The situation differs depending on the type of residence, employment and nationality. Some foreign nationals enter the public system automatically, others require commercial health insurance, and for EU citizens or persons linked to another state, coordination rules and international treaties apply.
Training should teach participants to recognise cases where routine payroll processing is not sufficient and it is necessary to verify international aspects, forms or affiliation with another insurance system. This is precisely where errors arise that only become apparent after a significant delay.
Ongoing legislative changes also play a significant role. Changes in the minimum wage, assessment bases for contributions or electronic communication with health insurance companies must be reflected in internal processes and payroll systems in a timely manner.
Illegal and undeclared work
Without a thorough explanation of the concepts of illegal work and undeclared work, the training is incomplete. Illegal work may consist of work performed outside an employment-law relationship, work without the required authorisation, work contrary to an issued permit, or work during an invalid residence status of the foreign national.
Undeclared work represents a separate risk. It may arise even where the foreign national otherwise has the necessary authorisations, but the employer fails to meet the notification obligation towards the Labour Office in time. Especially after the tightening of the rules, this issue is even more significant in practice.
Training participants must understand that even an apparently minor deviation—such as a different position, a different place of work, or a late notification—can have very serious legal consequences. It is therefore not enough to check only whether the foreign national “has some permit”.
Sanctions may affect both the employer and the worker themselves. In addition to fines, it is necessary to consider reputational consequences, restricted access to certain support schemes, and an increased risk of disputes over unpaid wages or the invalidity of termination of employment.
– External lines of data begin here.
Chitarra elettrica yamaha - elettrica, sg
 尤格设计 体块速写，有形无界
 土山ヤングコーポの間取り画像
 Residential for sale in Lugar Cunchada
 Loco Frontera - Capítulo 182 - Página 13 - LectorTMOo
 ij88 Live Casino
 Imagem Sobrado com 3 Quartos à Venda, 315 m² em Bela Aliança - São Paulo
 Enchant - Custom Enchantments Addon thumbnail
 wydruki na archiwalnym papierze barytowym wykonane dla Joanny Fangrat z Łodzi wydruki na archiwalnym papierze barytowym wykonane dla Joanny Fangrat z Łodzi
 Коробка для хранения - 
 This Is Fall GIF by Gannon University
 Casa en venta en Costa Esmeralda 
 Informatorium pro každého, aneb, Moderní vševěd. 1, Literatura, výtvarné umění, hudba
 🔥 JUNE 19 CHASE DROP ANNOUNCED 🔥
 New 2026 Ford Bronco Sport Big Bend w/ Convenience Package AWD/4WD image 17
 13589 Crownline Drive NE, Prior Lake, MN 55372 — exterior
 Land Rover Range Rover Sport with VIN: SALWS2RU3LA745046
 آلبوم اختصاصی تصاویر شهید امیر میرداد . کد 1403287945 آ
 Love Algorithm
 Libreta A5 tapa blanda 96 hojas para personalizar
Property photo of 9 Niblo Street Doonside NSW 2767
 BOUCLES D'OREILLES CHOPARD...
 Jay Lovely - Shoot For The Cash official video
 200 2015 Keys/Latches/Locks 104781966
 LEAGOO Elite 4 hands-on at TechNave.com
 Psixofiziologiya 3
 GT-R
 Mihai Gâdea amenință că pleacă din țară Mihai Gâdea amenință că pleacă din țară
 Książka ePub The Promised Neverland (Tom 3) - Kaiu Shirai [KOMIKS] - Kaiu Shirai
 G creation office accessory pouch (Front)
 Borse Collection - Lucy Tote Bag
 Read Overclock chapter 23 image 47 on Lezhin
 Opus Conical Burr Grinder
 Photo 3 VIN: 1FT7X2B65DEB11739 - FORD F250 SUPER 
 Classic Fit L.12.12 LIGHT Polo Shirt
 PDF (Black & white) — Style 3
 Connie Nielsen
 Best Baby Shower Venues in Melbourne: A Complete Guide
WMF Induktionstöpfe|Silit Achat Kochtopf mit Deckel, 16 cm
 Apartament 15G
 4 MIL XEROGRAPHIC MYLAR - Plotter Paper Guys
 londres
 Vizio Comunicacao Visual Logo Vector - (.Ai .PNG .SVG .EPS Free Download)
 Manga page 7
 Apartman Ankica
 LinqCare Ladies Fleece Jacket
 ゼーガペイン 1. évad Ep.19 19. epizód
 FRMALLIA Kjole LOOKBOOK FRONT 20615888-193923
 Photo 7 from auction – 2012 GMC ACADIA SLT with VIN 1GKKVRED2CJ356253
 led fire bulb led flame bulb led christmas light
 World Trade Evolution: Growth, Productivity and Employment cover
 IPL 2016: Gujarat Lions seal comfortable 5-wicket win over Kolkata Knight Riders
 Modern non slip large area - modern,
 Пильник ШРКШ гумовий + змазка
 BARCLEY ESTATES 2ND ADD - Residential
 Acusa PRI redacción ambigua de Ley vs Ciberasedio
What high-quality training should look like
The training content should mirror the entire employment cycle of a foreign national in the company—from the first contact and recruitment through concluding the contract, onboarding, the course of employment, changes in job assignment, to termination of employment and the related notification obligations.
At the same time, it is advisable to tailor the training to individual groups within the company. HR needs detailed orientation in documents and deadlines, managers must understand the impact of changes in work on the foreign national’s permit, and payroll needs certainty in the area of contributions and insurance.
The greatest benefit comes from training that works with specific model situations, internal checklists and a clear allocation of responsibilities among individual roles. It is precisely the connection between the explanation and real operations that determines whether the company truly internalises the rules.
The system should also include records of completed training. Such documentation is important not only for internal overview, but also as evidence during an inspection or in administrative proceedings.
Most common training questions
1. How often should the company repeat the training?
It depends on the intensity of employing foreign nationals and on how quickly the relevant legislation changes. In practice, a combination of regular comprehensive training and shorter update sessions when significant changes occur works well.
2. Is it enough to train only the HR department?
No. The process usually also involves line managers, payroll, company management and sometimes in-house lawyers or compliance staff.
3. Does it make sense to train the foreign nationals themselves?
Yes, especially on documentation, residence obligations, communication with authorities and practical steps when personal circumstances change. A short briefing for employees can prevent unnecessary complications.
Future changes and digitalisation
The legal framework for employing foreign nationals continues to evolve, and training must respond accordingly. Digitalisation of residence-related processes, electronic communication with authorities and the future involvement of employers in new information systems are becoming increasingly important.
In practice, this means that companies will not only address the legal correctness of documents, but also procedural and technical readiness. Training should therefore involve, in addition to HR and the legal department, finance, payroll and sometimes also IT.
Outdated internal presentations and one-off training sessions without ongoing updates are no longer sufficient in this area. Anyone who employs foreign nationals regularly must have a living system that responds to changes in legislation, administrative practice and internal operations.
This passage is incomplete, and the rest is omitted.